比较两个XML文件并将差异保存到结果文件中

时间:2013-08-19 16:09:13

标签: c# xml

我有两个XML文件需要比较差异,XML非常简单:

文件1:

<?xml version="1.0" encoding="utf-8"?>
<Feeds zone="my zone">
  <Feed name="attribDump.json">ac1f07edc491a3d237cdfb1a17fc4551</Feed>
  <Feed name="focus_GroupsKV.txt">0f9e0a14a4ffce6ff5065b6e088c1f84</Feed>
  <Feed name="NAM_FORMATTED.csv">9e875496cdb072b5e54318d51295fdba</Feed>
  <Feed name="BNP\activityTitles.txt">2d27c0f19b71b4b411bcb00011d3f8b0</Feed>
</Feeds>

和文件2:

<?xml version="1.0" encoding="utf-8"?>
<FeedsRequest version="1">
<Feeds zone="my zone">
  <Feed name="attribDump.json">ac1f07edc491a3d237cdfb1a17fc4551</Feed>
  <Feed name="focus_GroupsKV.txt">0f9e0a14a4ffce6ff5065b6e088c1f84</Feed>
  <Feed name="BNP\activityTitles.txt">e54c5b851ee3ff3f43b10d24f2316431</Feed>
</Feeds>
</FeedsRequest>

文件1是我们文件共享上的文件的清单列表,文件2由需要从文件1刷新的断开连接的设备使用。

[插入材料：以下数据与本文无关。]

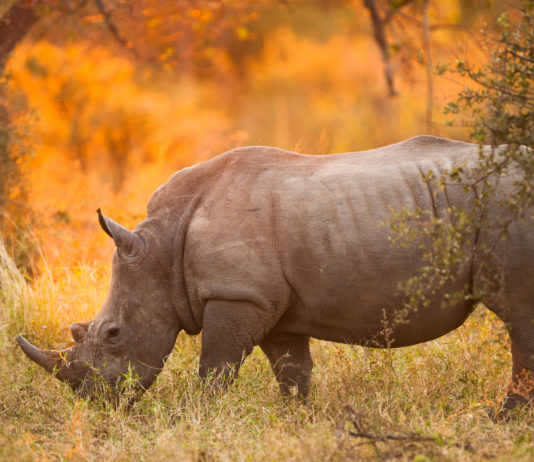 Caccia al trofeo, la campagna del Cic caccia al trofeo: rinoceronte nero nel parco kruger, ambiente africano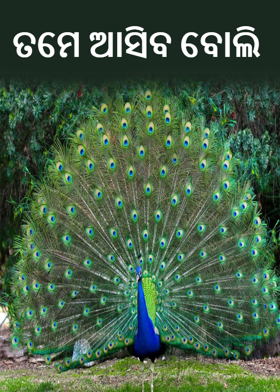 ତମେ ଆସିବ ବୋଲି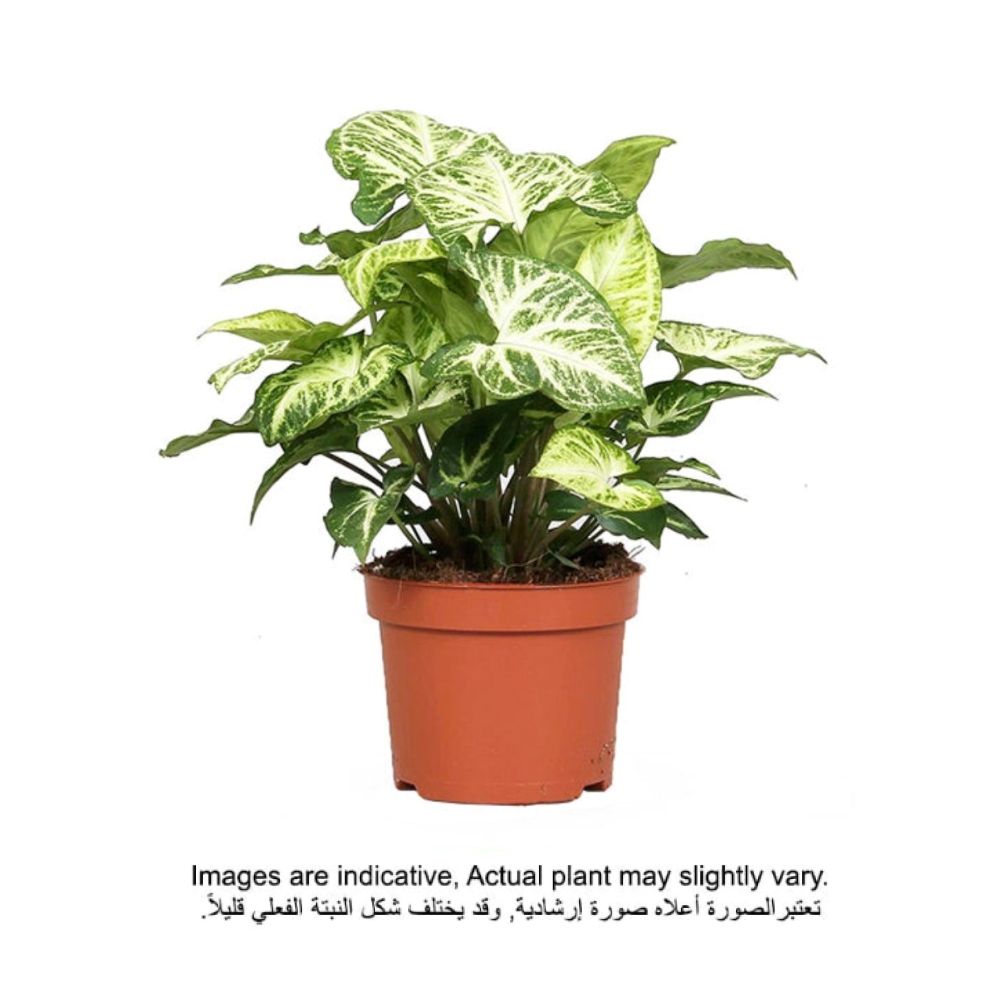 Brook Floras | Syngonium Pixie 25-30 CM - Fresh Indoor Plants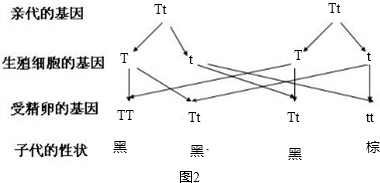 ��Ӣ�ҽ���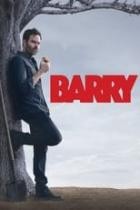 Barry - Staffel 1
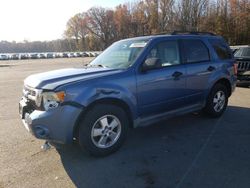 Salvage cars for sale at Glassboro, NJ auction: 2009 Ford Escape XLT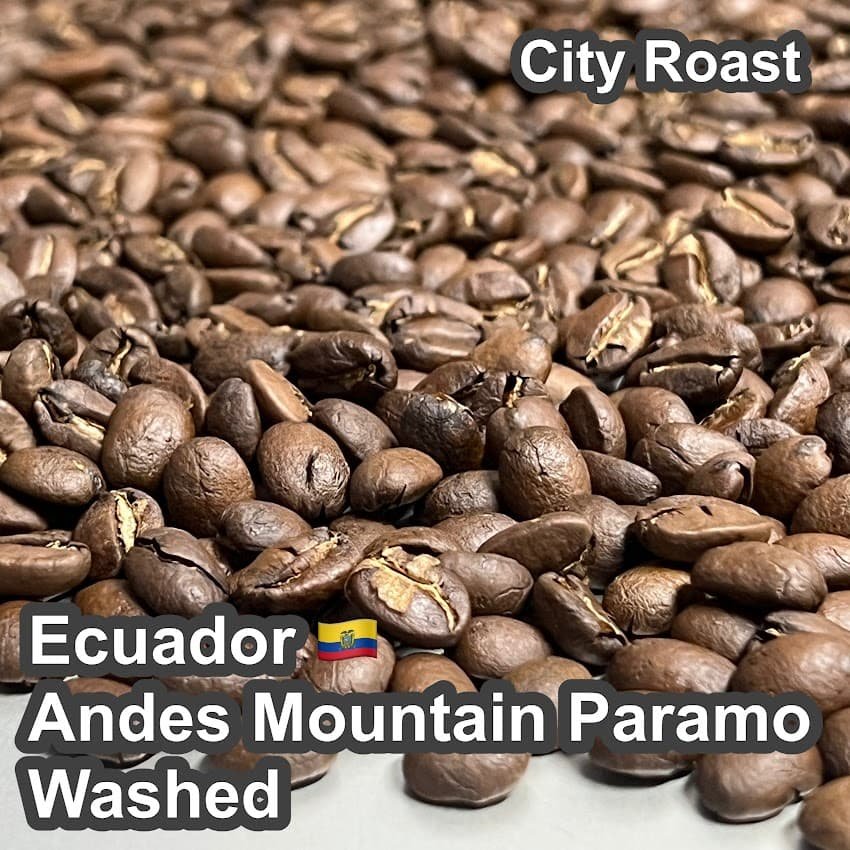 Ecuador_Andes_Mountain_Paramo_Washed850.jpg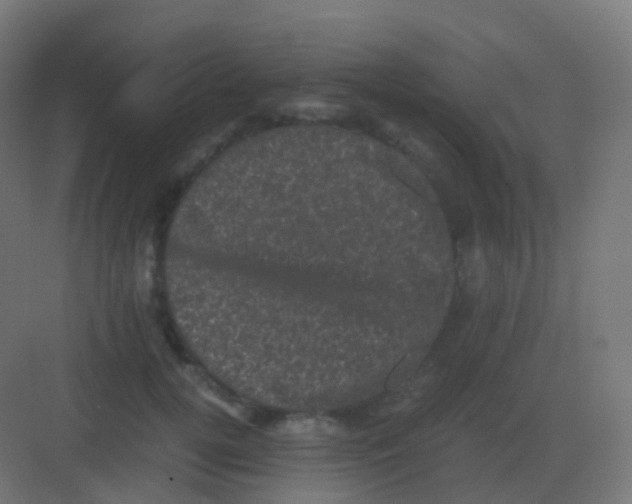 X0000081330752200702082202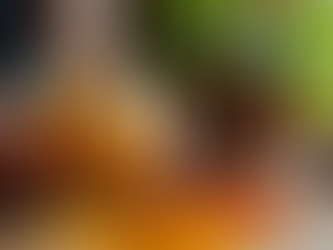 Preservative-free Masala: Pechi Foods Culinary Insights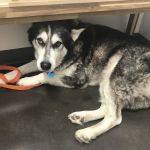 Thrive Pet Healthcare - Falcon
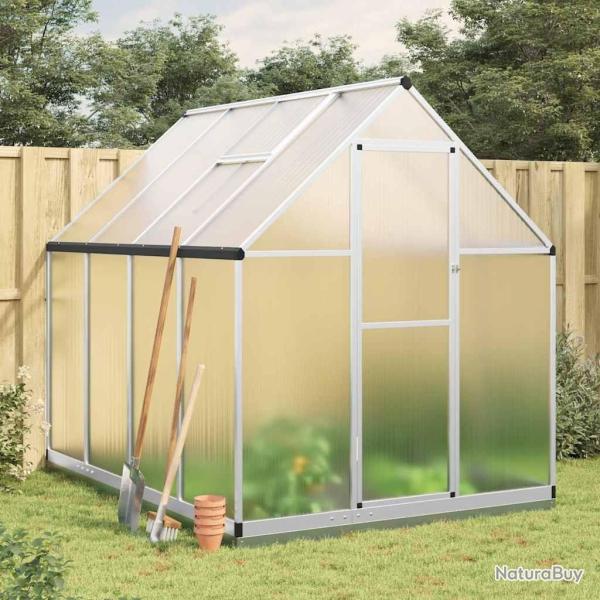 Serre avec cadre de base argent� 224x169x202 cm aluminium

我需要进行的检查是1)确保所有提要文件1位于文件2中,2)确保找到的任何源具有相同的hashCode(长字符串)。一旦检查完成,我需要创建一个响应文件,其中包含所有提要的列表,然后每个提供ok(找到并匹配文件),缺少(找不到文件)的属性,或更新(文件被发现,但它是旧版本)。

所以基本上结果文件看起来像这样:

<?xml version="1.0" encoding="utf-8"?>
<FeedsResponse version="1">
<Feeds zone="my zone">
  <Feed name="attribDump.json" status="ok">ac1f07edc491a3d237cdfb1a17fc4551</Feed>
  <Feed name="focus_GroupsKV.txt" status="ok">0f9e0a14a4ffce6ff5065b6e088c1f84</Feed>
  <Feed name="NAM_FORMATTED.csv" status="missing">afd2c620053ed4f85ab02b4cc5f7a2b2</Feed>
  <Feed name="BNP\activityTitles.txt" status="updated">90805b851ee3ff3f43b10d24f2316431</Feed>

我目前正在做的是循环遍历文件1中的所有文件,然后针对文件2检查它们之间的差异。自从我使用XML以来,我遇到了困难,是如何构建响应文档的。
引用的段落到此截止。